**RECORDS TO PROCESS:**
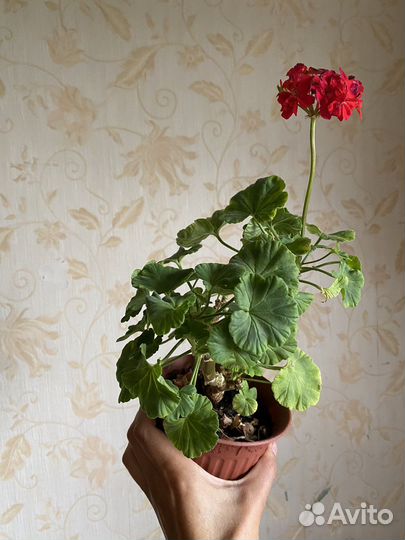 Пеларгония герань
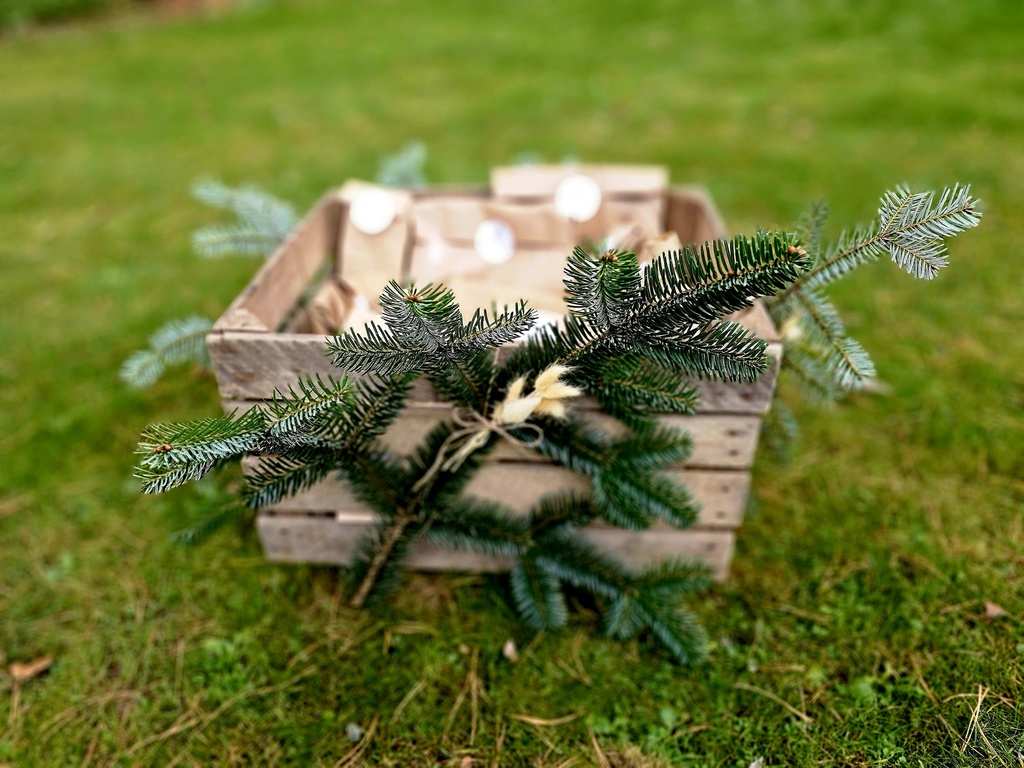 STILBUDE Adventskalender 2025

...

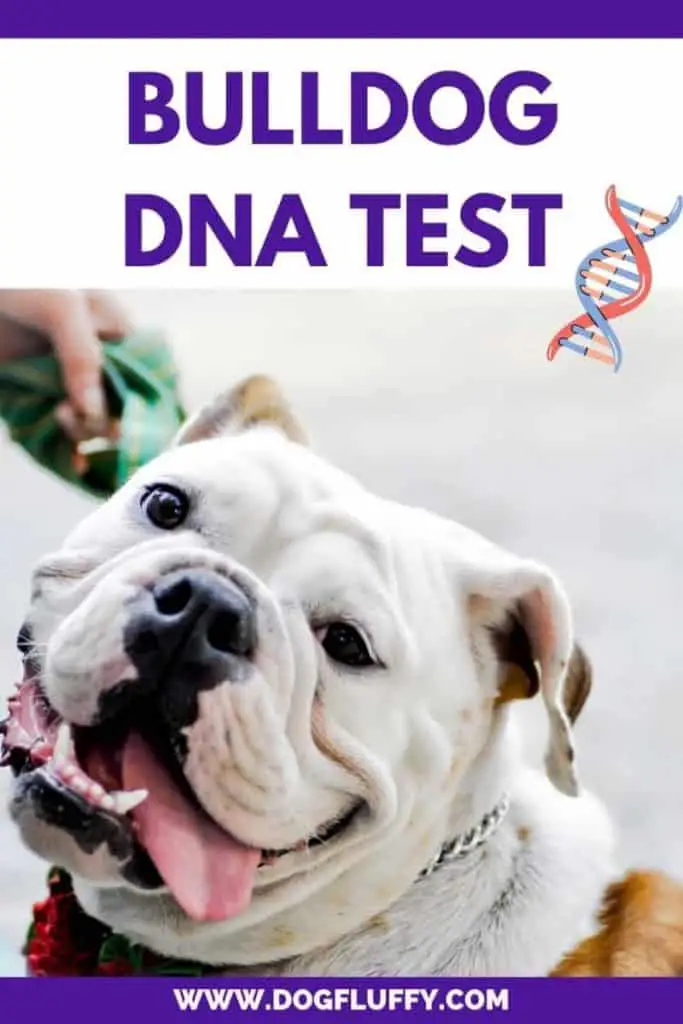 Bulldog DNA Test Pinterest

**EXERCISE:** Copy exactly the lines of the entries above from the one containing "Пеларгония герань" through the one containing "STILBUDE Adventskalender 2025". Both end lines count; pictures do not.

**ANSWER TO THIS PROBLEM:**
 Пеларгония герань
 STILBUDE Adventskalender 2025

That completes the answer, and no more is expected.